Here are the 3 critical flaws that brought DeFi protocols down in this cycle 🧵↓↓
Poor risk management, insufficient revenue and the overuse of leverage are the core reasons why DeFi is crumbling.
The dust has yet to settle, but a steady flow of details is allowing investors to piece together a picture that highlights the systemic risks of decentralized finance and poor risk management.
A second flaw highlighted by multiple experts is the poorly designed tokenomic structure of many DeFi protocols that often have an extremely high inflation rate which was used to lure liquidity.
High rewards are nice, but if the value of the token being paid out as a reward isn’t really there, then users are basically taking a lot of risk by relinquishing control of their funds for little to no reward.
This largely ties in with DeFi's revenue generation issue, and the inability to build sustainable treasuries. High inflation increases token supply, and if token value is not maintained, liquidity leaves the ecosystem.

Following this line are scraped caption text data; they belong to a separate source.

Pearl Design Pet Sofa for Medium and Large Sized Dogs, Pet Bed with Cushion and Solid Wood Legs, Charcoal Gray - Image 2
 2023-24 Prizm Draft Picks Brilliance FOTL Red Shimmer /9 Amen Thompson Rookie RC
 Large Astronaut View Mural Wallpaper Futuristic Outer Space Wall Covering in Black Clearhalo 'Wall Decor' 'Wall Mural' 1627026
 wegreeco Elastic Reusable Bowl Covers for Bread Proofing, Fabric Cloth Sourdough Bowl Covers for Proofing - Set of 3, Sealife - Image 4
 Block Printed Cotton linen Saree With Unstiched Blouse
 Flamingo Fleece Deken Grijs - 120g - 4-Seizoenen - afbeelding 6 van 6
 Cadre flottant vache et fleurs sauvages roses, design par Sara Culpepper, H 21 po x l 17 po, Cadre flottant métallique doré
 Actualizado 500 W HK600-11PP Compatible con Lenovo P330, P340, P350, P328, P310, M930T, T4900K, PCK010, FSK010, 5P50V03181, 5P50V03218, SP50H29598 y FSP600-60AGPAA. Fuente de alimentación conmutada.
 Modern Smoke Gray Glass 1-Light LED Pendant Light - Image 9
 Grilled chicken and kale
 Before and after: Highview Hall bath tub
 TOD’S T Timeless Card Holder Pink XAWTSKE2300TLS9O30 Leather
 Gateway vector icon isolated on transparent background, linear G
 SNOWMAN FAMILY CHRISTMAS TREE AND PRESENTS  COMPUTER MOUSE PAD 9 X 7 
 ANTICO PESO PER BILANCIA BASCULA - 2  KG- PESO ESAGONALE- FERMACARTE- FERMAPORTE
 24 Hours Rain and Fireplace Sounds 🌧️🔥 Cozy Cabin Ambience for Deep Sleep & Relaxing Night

@magikinvestxyz In this sense, the onus really falls on the users for being over-leveraged without a solid game plan on what to do in the eventuality of a market downturn.
@magikinvestxyz While it can be a challenge to think about these things during the height of a bull market, it should always be something in the back of a trader's mind because the cryptocurrency ecosystem is well known for its whipsaw volatility.